## Work to complete
With the pictures removed, please write out every line below exactly as given.

## Material for this exercise
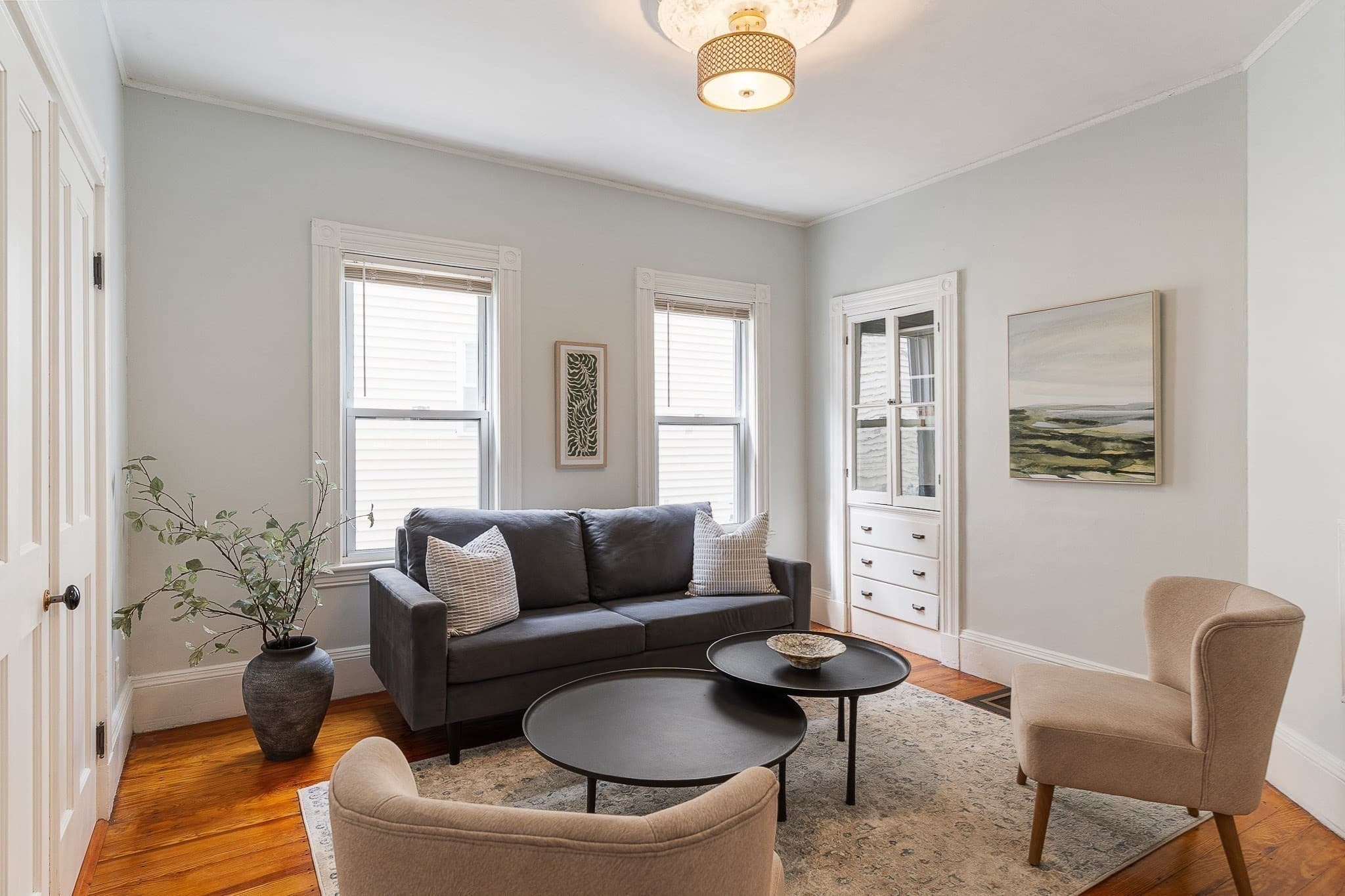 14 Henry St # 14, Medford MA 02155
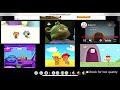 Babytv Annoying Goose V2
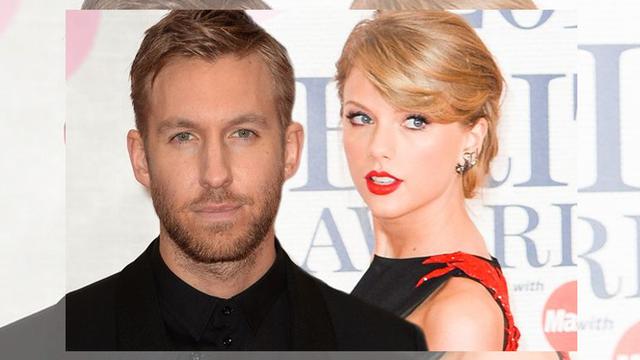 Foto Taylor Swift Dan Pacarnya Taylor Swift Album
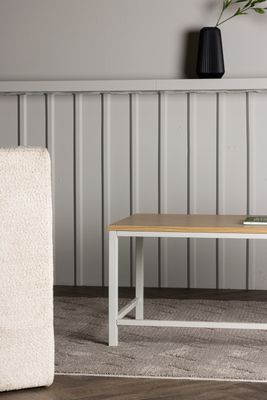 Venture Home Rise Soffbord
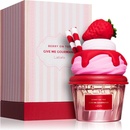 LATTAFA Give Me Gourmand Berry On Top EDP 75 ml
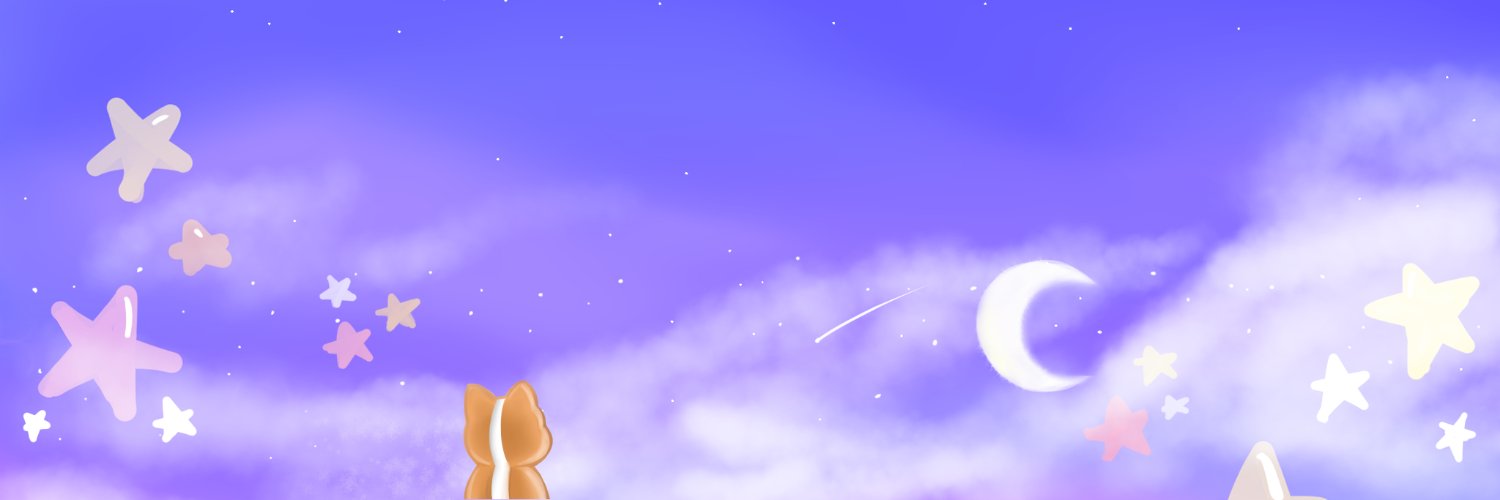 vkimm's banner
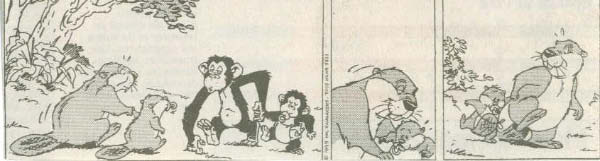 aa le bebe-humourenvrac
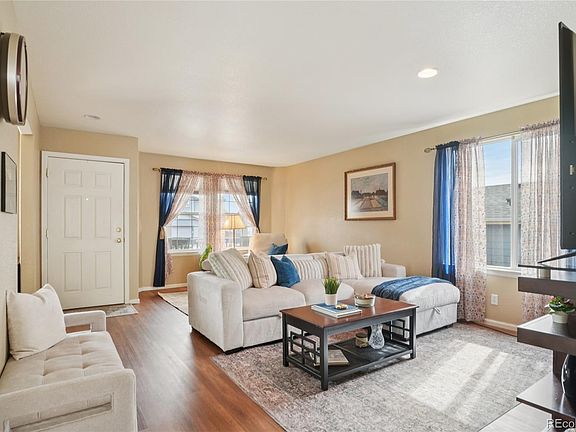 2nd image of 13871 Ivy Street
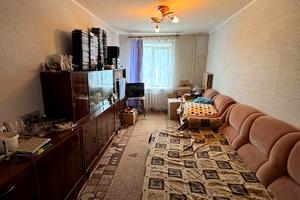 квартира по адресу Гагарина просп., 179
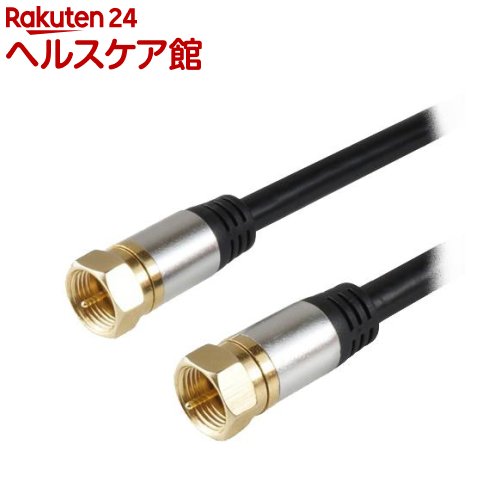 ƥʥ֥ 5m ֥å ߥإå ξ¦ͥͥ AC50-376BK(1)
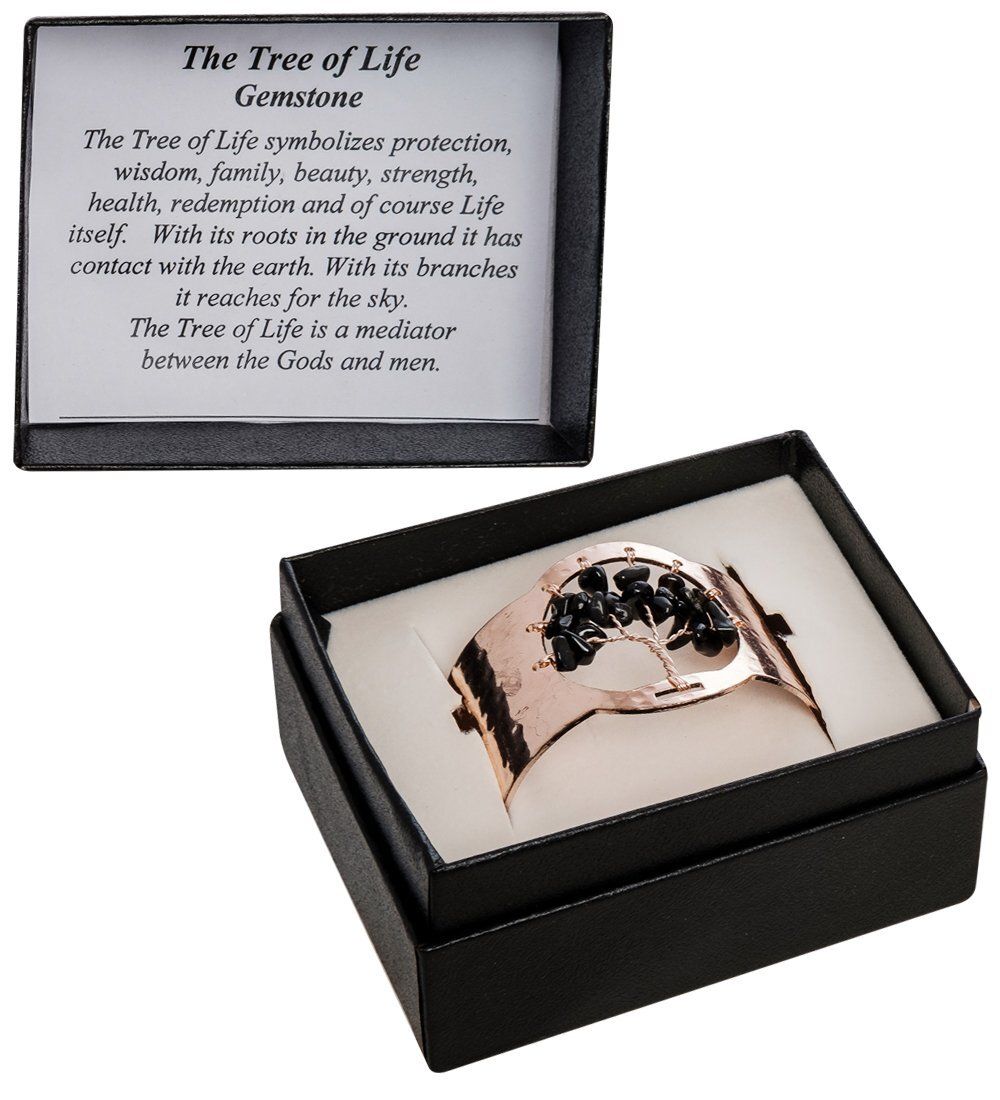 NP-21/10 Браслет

## Final answer
 14 Henry St # 14, Medford MA 02155
 Babytv Annoying Goose V2
 Foto Taylor Swift Dan Pacarnya Taylor Swift Album
 Venture Home Rise Soffbord
 LATTAFA Give Me Gourmand Berry On Top EDP 75 ml
 vkimm's banner
 aa le bebe-humourenvrac
 2nd image of 13871 Ivy Street
 квартира по адресу Гагарина просп., 179
 ƥʥ֥ 5m ֥å ߥإå ξ¦ͥͥ AC50-376BK(1)
 NP-21/10 Браслет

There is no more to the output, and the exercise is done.